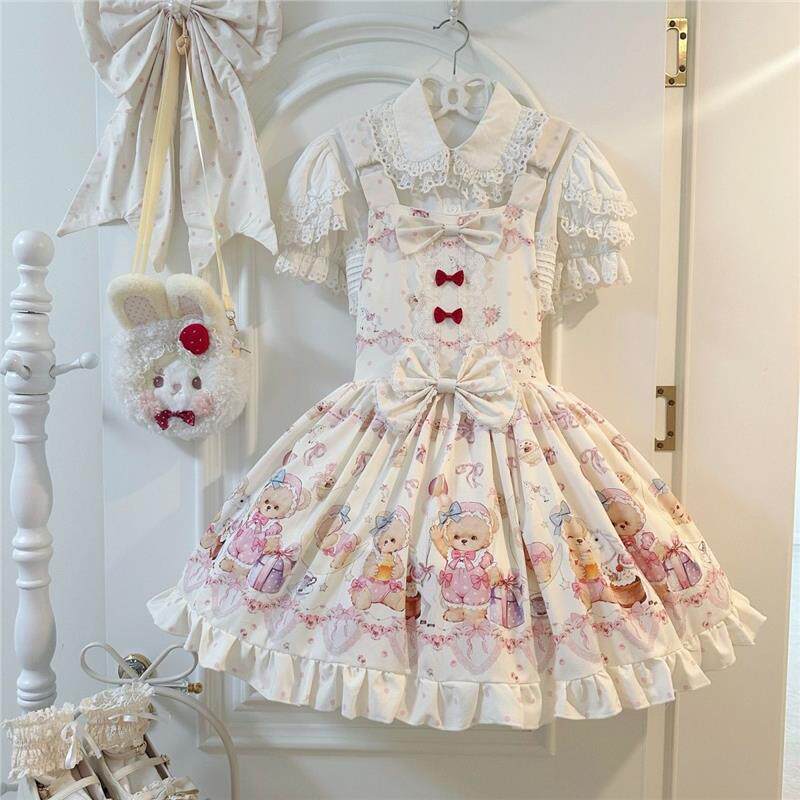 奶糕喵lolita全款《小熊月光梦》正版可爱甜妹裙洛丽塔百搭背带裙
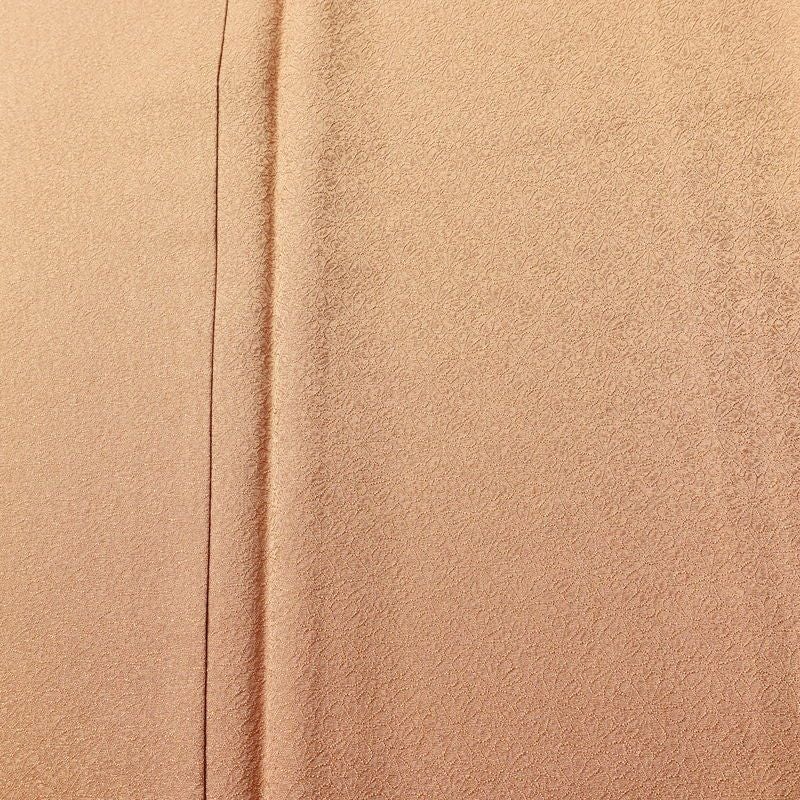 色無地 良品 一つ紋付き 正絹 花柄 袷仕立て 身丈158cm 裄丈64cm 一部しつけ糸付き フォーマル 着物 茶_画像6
##########
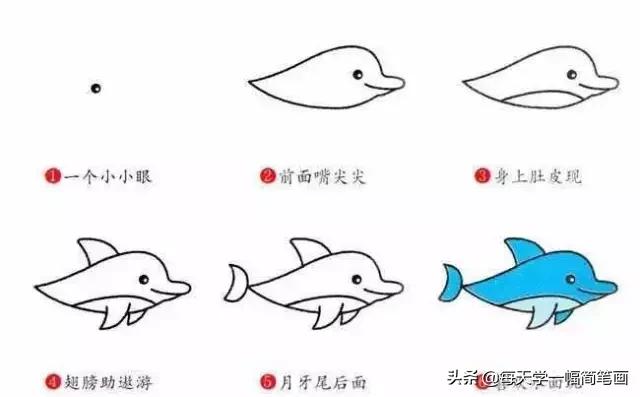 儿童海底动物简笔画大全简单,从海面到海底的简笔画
##########
> [REQUIRED WORK] The response must repeat exactly the lines above from the one with "奶糕喵lolita全款《小熊月光梦》正版可爱甜妹裙洛丽塔百搭背带裙" through the one with "色無地 良品 一つ紋付き", including both, and must contain no pictures and no other text.

> [RESPONSE]
 奶糕喵lolita全款《小熊月光梦》正版可爱甜妹裙洛丽塔百搭背带裙
 色無地 良品 一つ紋付き 正絹 花柄 袷仕立て 身丈158cm 裄丈64cm 一部しつけ糸付き フォーマル 着物 茶_画像6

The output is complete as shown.